Atualmente, há UPPs em sete favelas do Rio de Janeiro: Cidade de Deus, Babilônia, Chapéu Mangueira, Santa Marta, Jardim Batan, Pavão-Pavãozinho e Cantagalo. Segundo o deputado, a discussão em torno das unidades de polícia está relacionada a uma nova concepção de cidade e a assuntos polêmicos como a construção de muros, de barreiras acústicas e a remoção nas áreas de risco.
– A palavra “remoção” é utilizada apenas para cadáver, lixo e favela. Isso é sintomático. Me preocupa muito a ideia de que, por meio da polícia, vamos colonizar as favelas. Levar o modelo de civilidade que queremos para os outros, para os “bárbaros” – disse – O problema é que nenhum projeto que recai sobre a favela é debatido antes com a própria favela.
Ele ressaltou que questionar as UPPs não significa optar pelo tráfico de drogas. Para Freixo, não é possível conciliar a polícia que pacifica e a polícia que mata.
– Hoje, a polícia do Rio mata três pessoas por dia. O “caveirão” (veículo blindado utilizado pela polícia) entra todos os dias
Segundo ele, dos 26 projetos previstos pelo Programa Nacional de Segurança Pública com Cidadania (Pronasci) para o Rio, apenas dois foram viabilizados: a compra de um helicóptero blindado e veículos para a Delegacia da Mulher. “Entre o que se propõe e o que é feito, existe uma grande distância”, disse o deputado, que também é presidente da Comissão de Direitos Humanos na Câmara estadual. Freixo citou a descrição que Euclides da Cunha fez de um momento da Guerra de Canudos, no livro Os sertões: “Eram quatro apenas: um velho, dois homens feitos e uma criança, na frente dos quais rugiam raivosamente 5 mil soldados”.
– Isso nos lembra a atual lógica militar. Apenas com soldados raivosos é possível lidar com os diferentes, com os que desafiam a ordem – provocou.
O professor do Departamento de Sociologia e Política Marcelo Burgos, mediador da mesa redonda, acredita que há um vínculo estreito pouco discutido entre o Pronasci e as UPPs. Implantado em 2007, o programa atua em 22 estados e tem o objetivo de reduzir a violência urbana, unindo políticas de segurança e ações sociais.
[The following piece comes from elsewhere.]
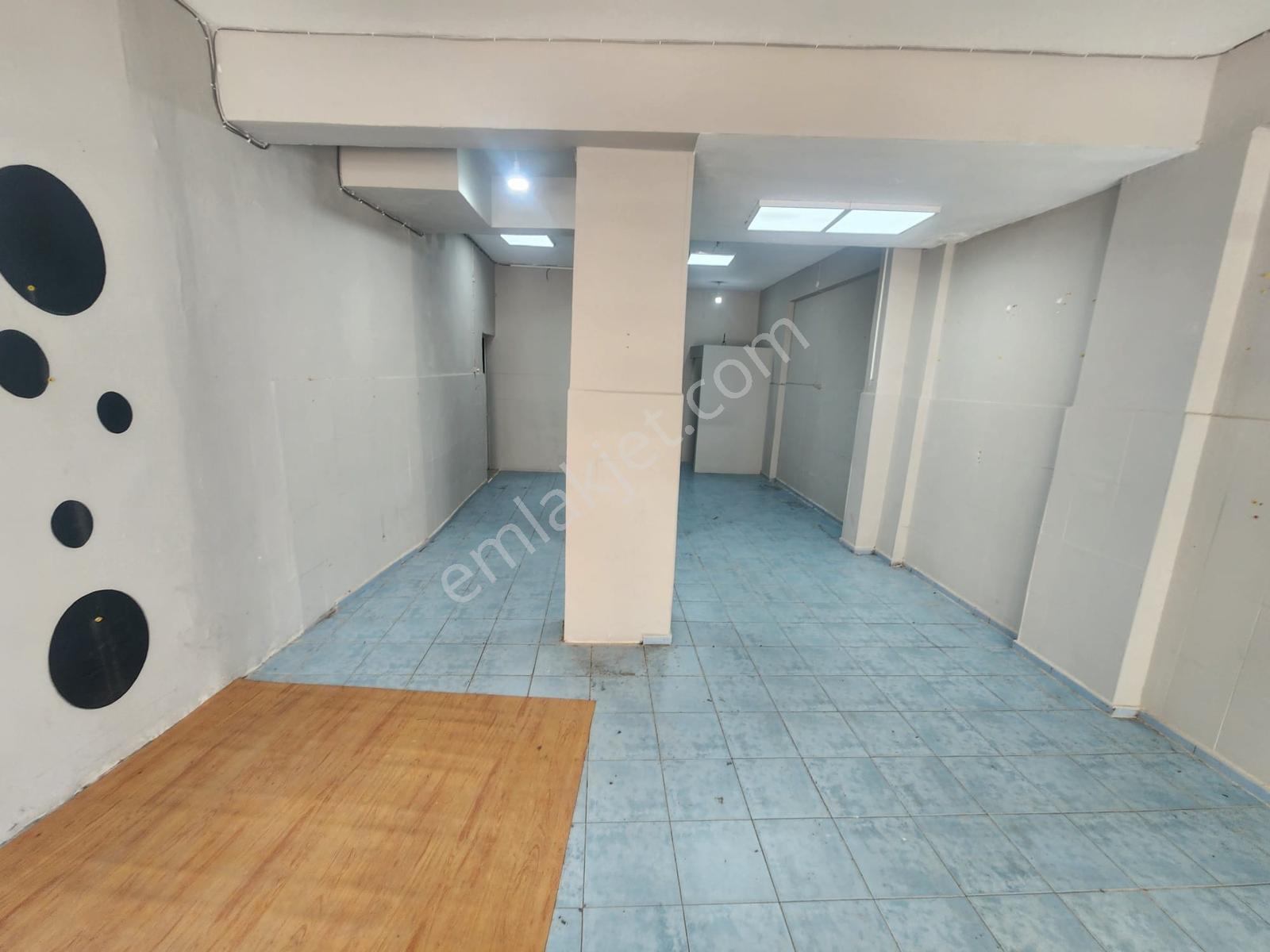Sancak Camii Sokağında Kiralık Dükkan - Görsel 2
Uma das exigências básicas do Pronasci é a criação de conselhos de segurança pública e de planos municipais de segurança.
– Concordo com o governador Sergio Cabral quando diz que o Pronasci é uma espécie de pai e mãe das UPPs – afirmou – Por causa das Olimpíadas, principalmente, o tema da ordem está posto mais para o Rio do que para o Brasil. A ordem, claro, é bem-vinda, desde que não limite a liberdade. A “politização” das UPPs é perigosa. Logo, o debate deve ser aprofundado.
Para o presidente da Associação de Moradores do Bairro Peixoto, Juliano Vianna, vivemos um período de reconstrução do Rio. Vianna também é membro do Círculo Cultural da Ladeira dos Tabajaras, em Copacabana, e acredita ser necessário que os moradores se manifestem na cena política, “se não nada muda”.
– O problema das UPPs não está nas unidades em si, mas em seu entorno, nas comunidades cujas associações de moradores se voltam apenas para os benefícios sociais obtidos por meio das ONGs – afirmou.
De acordo com a antropóloga da UFF Gláucia Mouzinho, a atual política de segurança pública do Rio não é nova, começou a ser elaborada no plano de segurança do governo Fernando Henrique Cardoso.
– Essa é uma política de continuidade. Se vai dar errado como aconteceu com a saúde pública é outra questão – disse a pesquisadora.